Data provided:
= Beginning of Section =

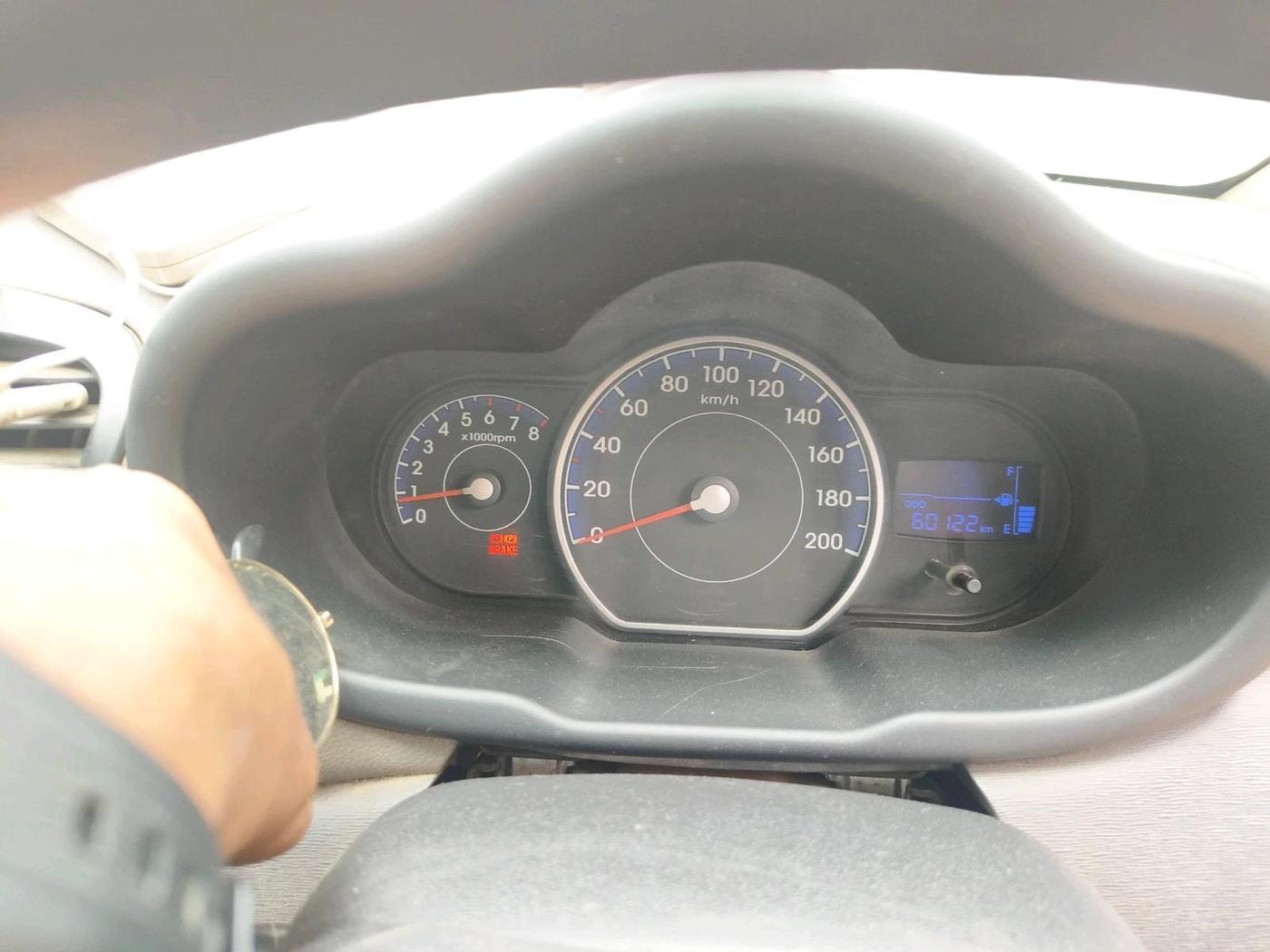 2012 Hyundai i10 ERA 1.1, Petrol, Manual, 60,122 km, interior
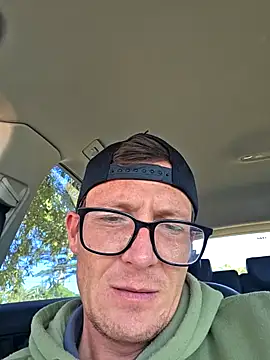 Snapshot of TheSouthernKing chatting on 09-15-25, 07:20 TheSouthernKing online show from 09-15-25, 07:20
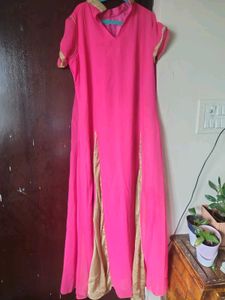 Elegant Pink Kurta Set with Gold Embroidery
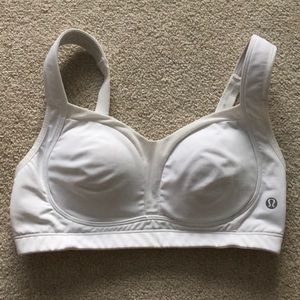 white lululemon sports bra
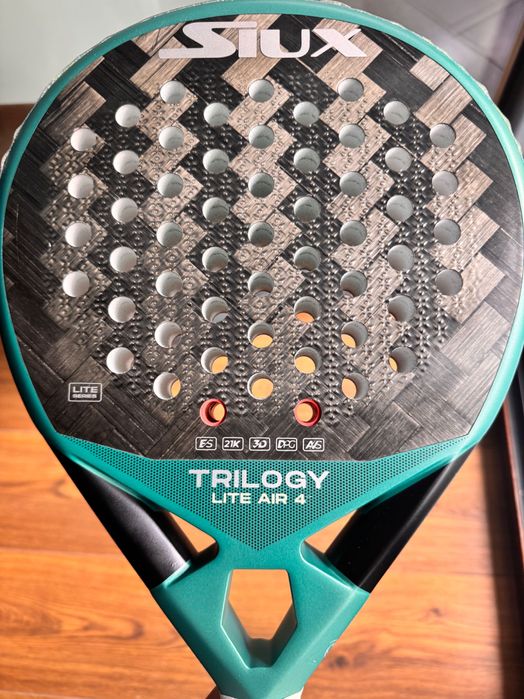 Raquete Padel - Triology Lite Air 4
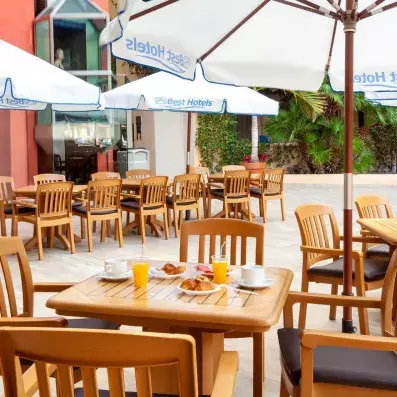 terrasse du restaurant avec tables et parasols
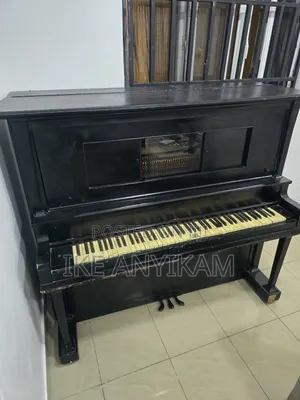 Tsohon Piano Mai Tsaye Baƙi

= End of Section =
= Beginning of Section =

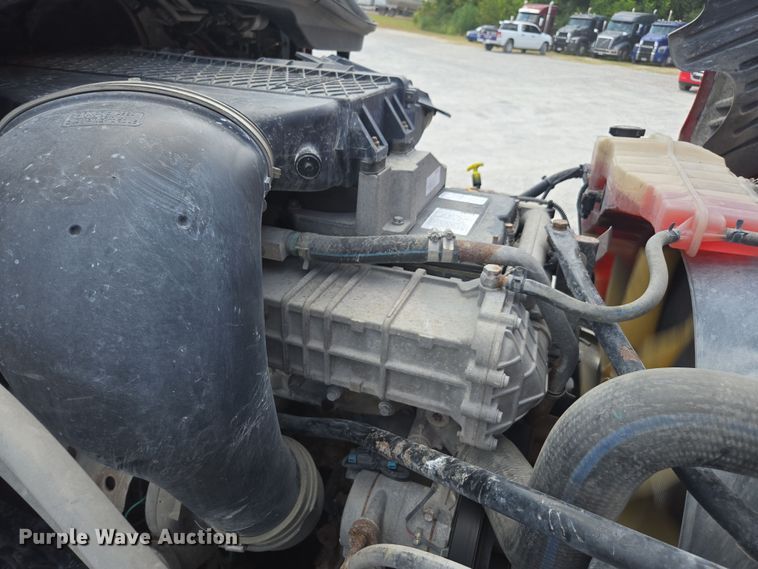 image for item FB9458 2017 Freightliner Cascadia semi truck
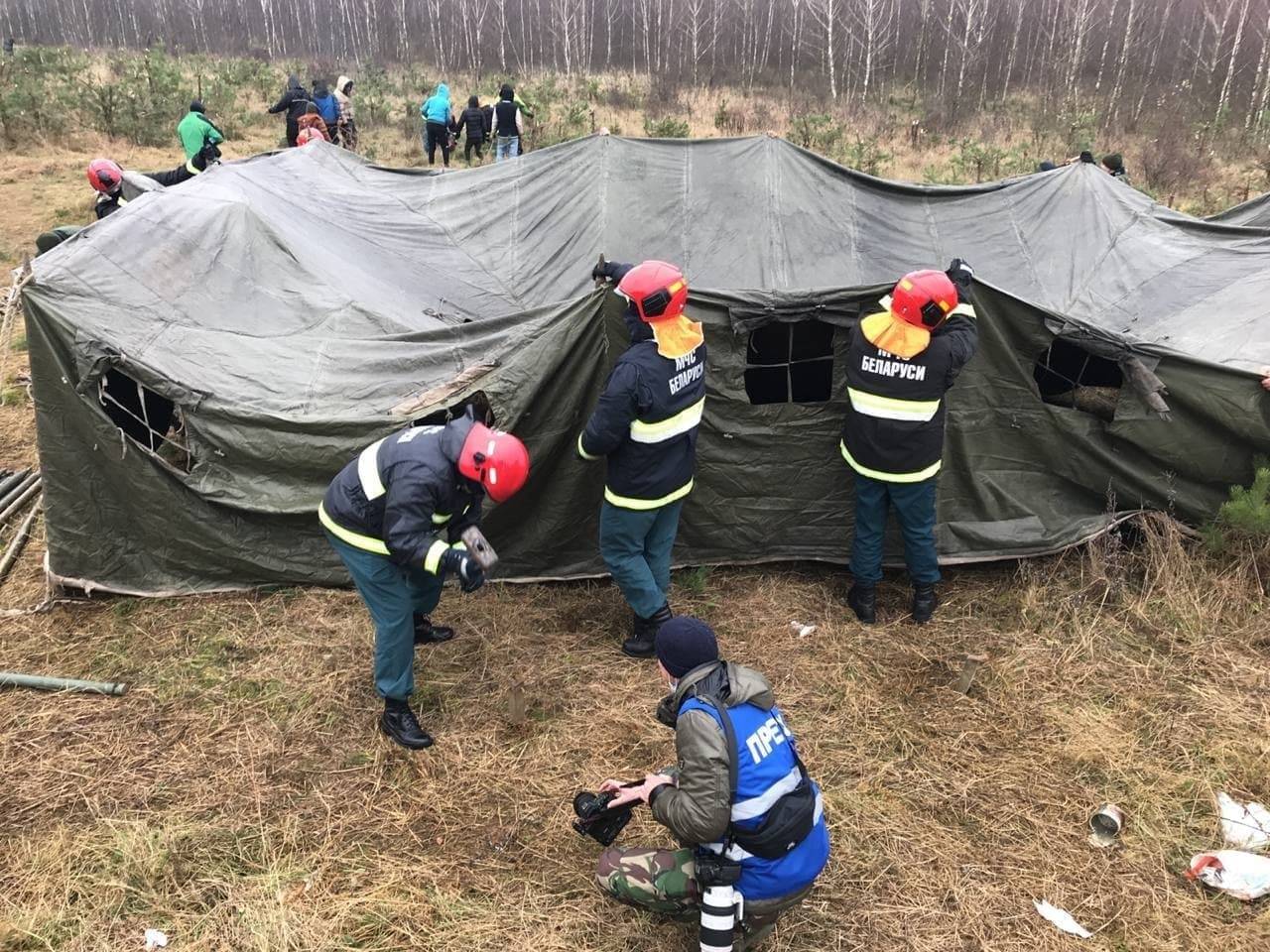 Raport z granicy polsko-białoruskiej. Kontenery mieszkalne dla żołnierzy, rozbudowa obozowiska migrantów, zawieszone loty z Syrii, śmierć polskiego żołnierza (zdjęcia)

= End of Section =

Working from the entries above, reproduce exactly and only the lines beginning with the line that has "2012 Hyundai i10" and ending with the line that has "white lululemon sports bra"; omit all pictures.

 2012 Hyundai i10 ERA 1.1, Petrol, Manual, 60,122 km, interior
 Snapshot of TheSouthernKing chatting on 09-15-25, 07:20 TheSouthernKing online show from 09-15-25, 07:20
 Elegant Pink Kurta Set with Gold Embroidery
 white lululemon sports bra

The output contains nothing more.